The user requests the old URL, the old server responds with redirect instructions to the new URL, the browser redirects the request to the new URL, and the response is finally sent to the user.

In case I haven’t made it painfully obvious by now, one big issue with this redirect chain is that the user has to wait for two round-trip flights half way across the world.

This additional time spent getting the redirect instructions can actually be greatly reduced with edge functions.

Edge functions are serverless functions that are deployed all over the world. Akamai, for example, has over 250,000 locations.

By setting up an edge function to handle the old URL, a user’s initial request only needs to travel as far as the nearest edge server to get the redirect instructions.

Let’s compare this with the same example above, but this time using edge compute.

A user in Asia goes to your old URL, their request only has to travel to the nearest edge server location (very possibly in their same city). The princess is still in a different castle (aka, the redirect instructions) but at least they were told right away. Once the browser sees the redirect instructions, everything plays out the same as above with the exception that now the user didn’t have to wait quite so long to read that amazing article (Seriously, I spent a ton of time on it. Please check it out).

Once again, here is my cool visualization.

Flow diagram with a short arrow going from a user to an edge server, then back to the user, then a long arrow going to the server, and finally back to the user.
The user requests the old URL, the edge server closest to the user responds with redirect instructions, the browser redirects the request to the new URL, and the response is finally sent to the user.

(You see how I made the arrows longer and shorter? That’s a symbolic representation of time. My dog says I’m smart.)

This may save a few hundred milliseconds. In the grand scheme, this may not sound like much. But it’s time spent doing absolutely nothing.

Just waiting.

Not waiting for the server to do some calculations, or the database to update.

Just waiting for the request to fly through the air.

And the thing is, for some organizations where even tens of milliseconds could mean the difference between sales, this is actually a lot of time to spend doing nothing. So I say don’t.

The Restructuring Issue

This next issue gets a little more interesting. Let’s say, in addition to changing the domain name, you want to change the URL structure for your blog posts.

This may happen because the old website used blog post IDs in the URL, but someone told you it would be a good idea to use the blog post title in the URL.

So your redirects should look like this

  • From: old-url.com/blog/1
  • To: new-url.com/articles/10-reasons-nugget-why-is-a-good-boy

There are 3 things going on here:

  1. The domain changed
  2. The route “/blog” was renamed to “/articles”
  3. The slug for the individual posts uses the title instead of the ID

The first two requirements are easy enough to handle with something NGINX rewrite rules and a regular expression. That last one is a bit of a pain in the butt because there is no way to programmatically determine how an old URL should point to a new URL.
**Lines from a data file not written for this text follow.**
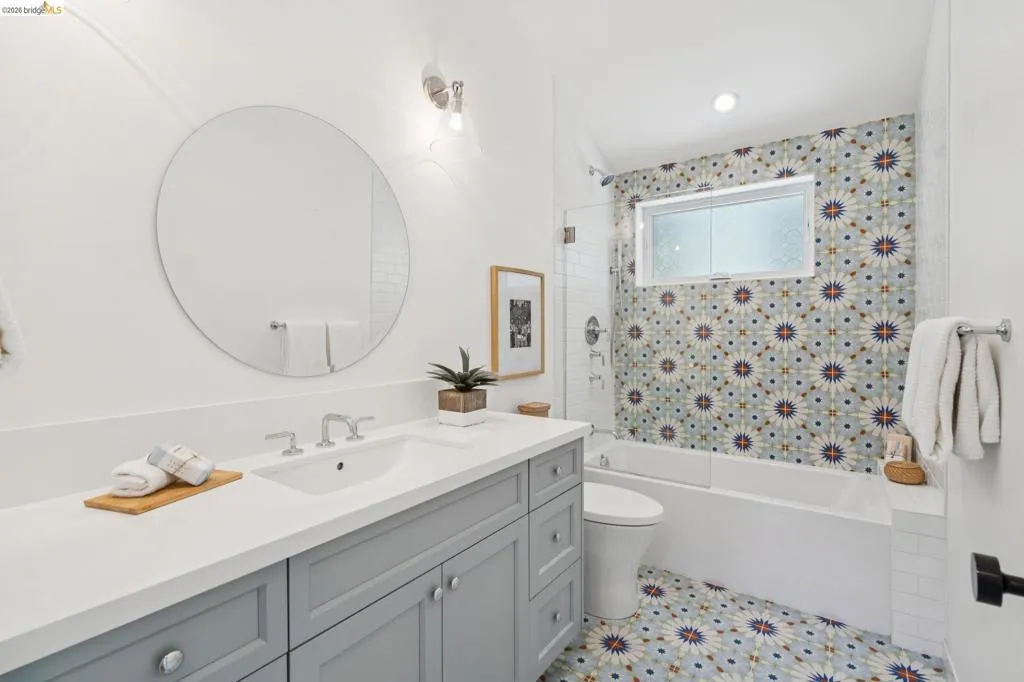 Single vanity with a vessel sink, a full-width mirror, and a built-in bathtub Single vanity with a vessel sink, a full-width mirror, and a built-in bathtub
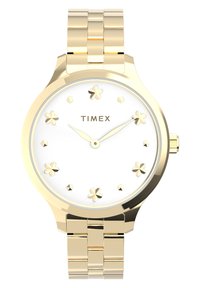 Reloj Timex en tono dorado con una cara blanca, marcadores de horas en forma de flores y acentos dorados. Presenta un diseño de pulsera con eslabones y un acabado pulido.
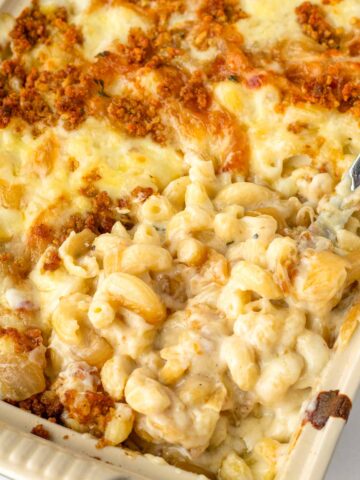 creamy french onion mac and cheese baked in a ceramic casserole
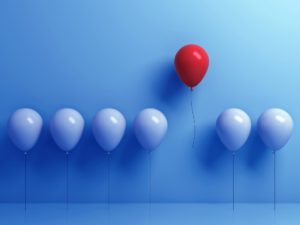 blue and red balloons illustrating idea and unique one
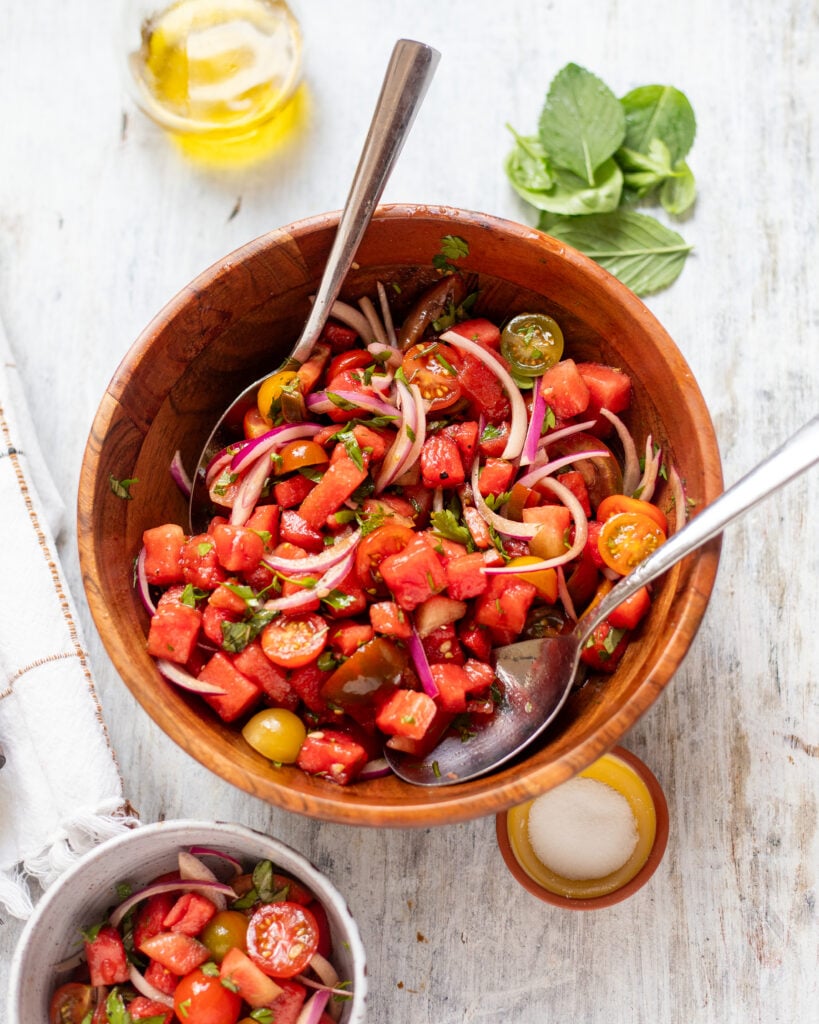 wide view of a wooden bowl filled with watermelon and tomato salad with fresh herbs and onions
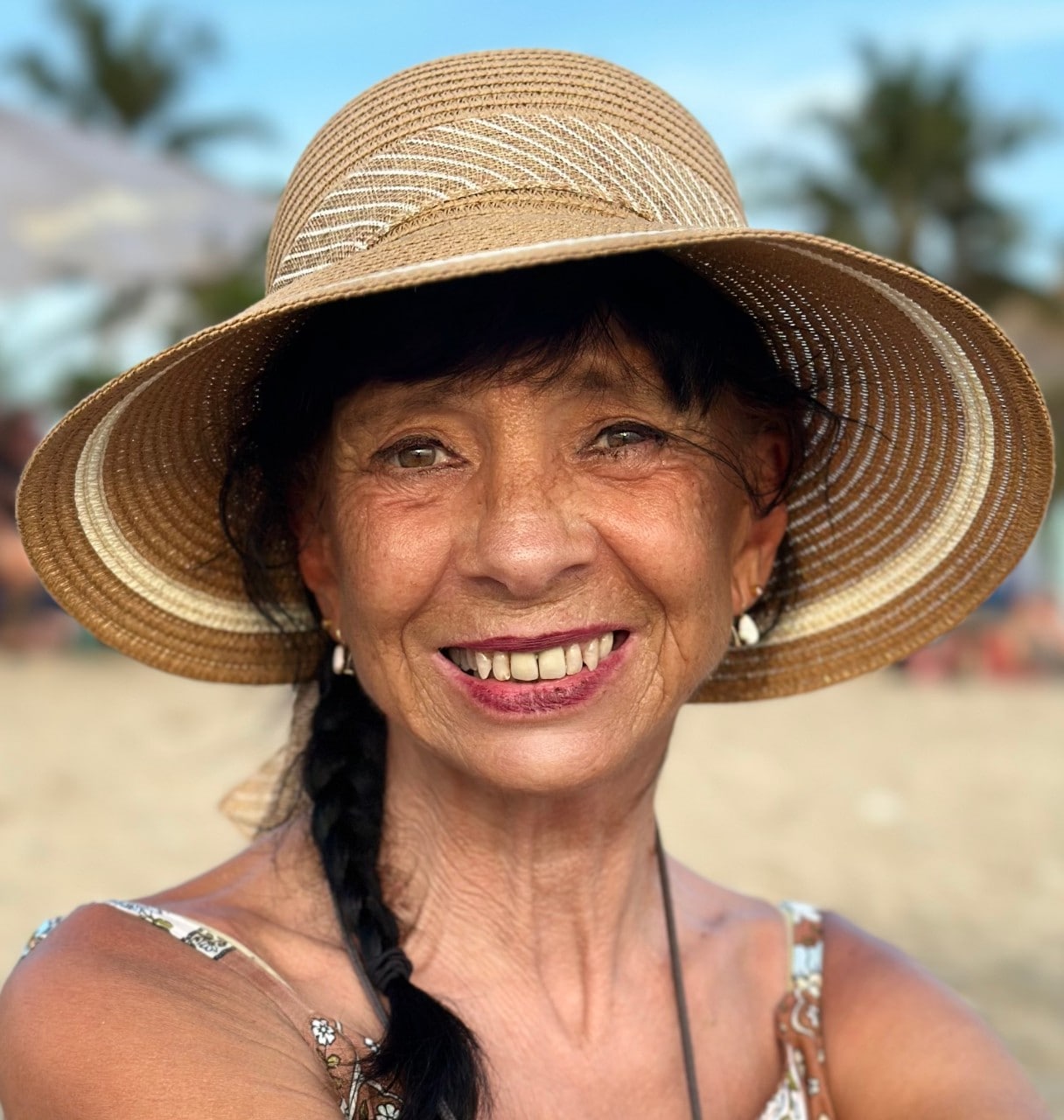 photo of indigenous woman smiling, wearing a sun hat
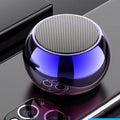 Arenzza Mini HiFi Bluetooth speaker showing a compact black electronic device with control buttons and a speaker grille.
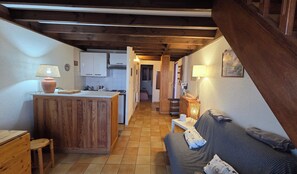 Une cuisine compacte avec des meubles en bois, un coin repas avec une table et des chaises, et un salon avec un canapé.
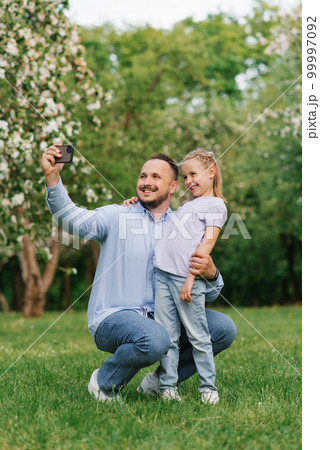 Dad and his six-year-old daughter take selfies on the phone, smiling and having fun on camera in the park in summer or spring Dad and his six-year-old daughter take selfies on the phone, smiling and having fun on camera in the park in summer or spring 99997092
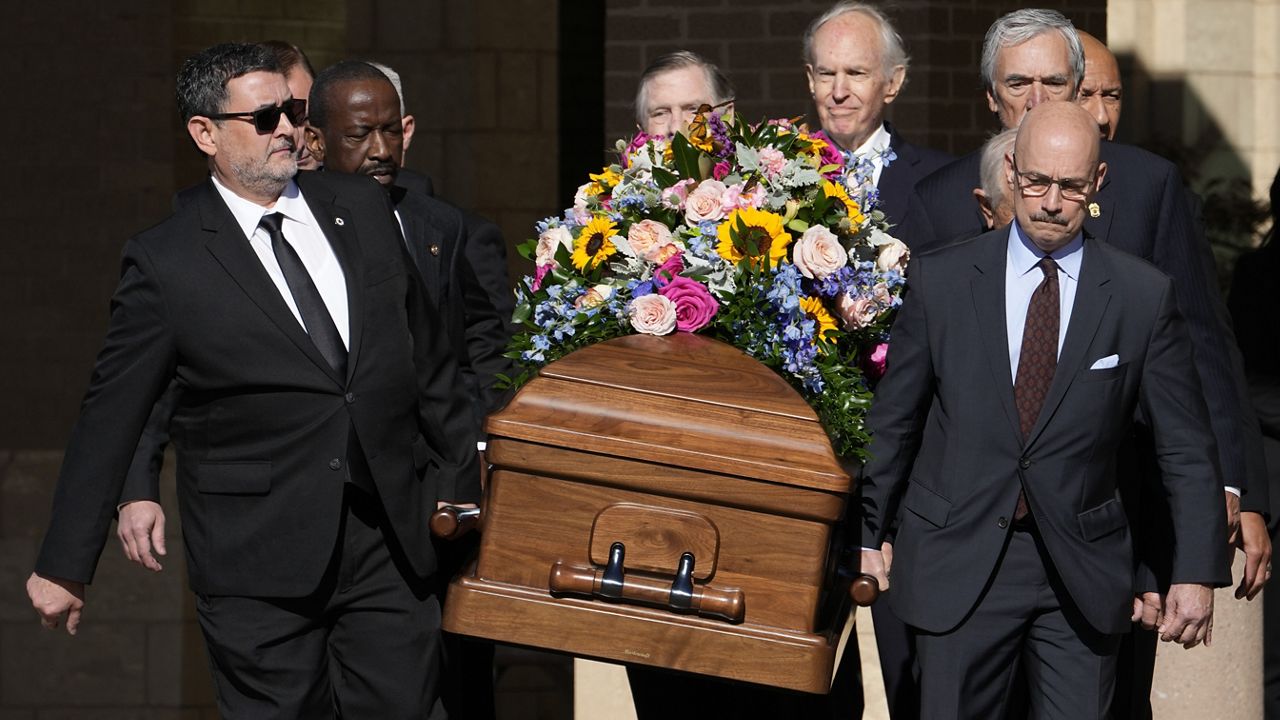 Former and current U.S. Secret Service agents carry casket of former first lady Rosalynn Carter at Phoebe Sumter Medical Center in Americus, Ga., Monday, Nov. 27, 2023. (AP Photo/Alex Brandon, Pool)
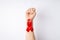 First person top view photo of raised female hand with clenched fist and red ribbon on wrist symbol of aids awareness on 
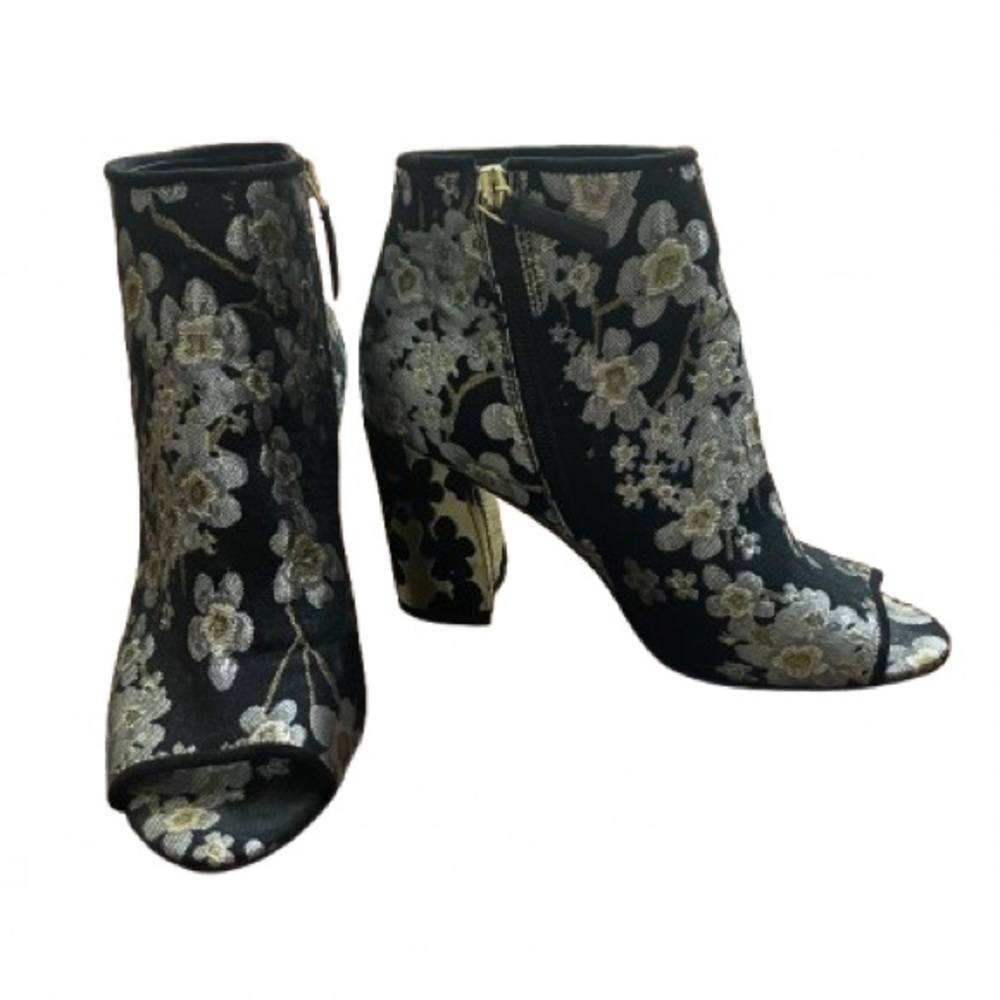 Nine West open toe heeled bootie.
One solution might be to have a server accept requests to the old URL, look up the requested blog post in a database using the blog post ID, build the new URL using the blog post title, and respond with redirect instructions to the constructed URL.

That would work, but there’s a couple of issues. The database queries will likely add even more latency to the request and it could end up costing you more money to keep running.

A better solution, in my opinion, is to create a 1-to-1 mapping of all the old URLs to all the new URLs. That means you will need to create one static rewrite rule for each URL on your old domain. When you have hundreds of thousands of posts, that’s a lot of work.

Fortunately, you’d likely only need to do this one time during the migration, and you could create a script that loops through each entry in the database and generates the rewrite rule for you (yay robots).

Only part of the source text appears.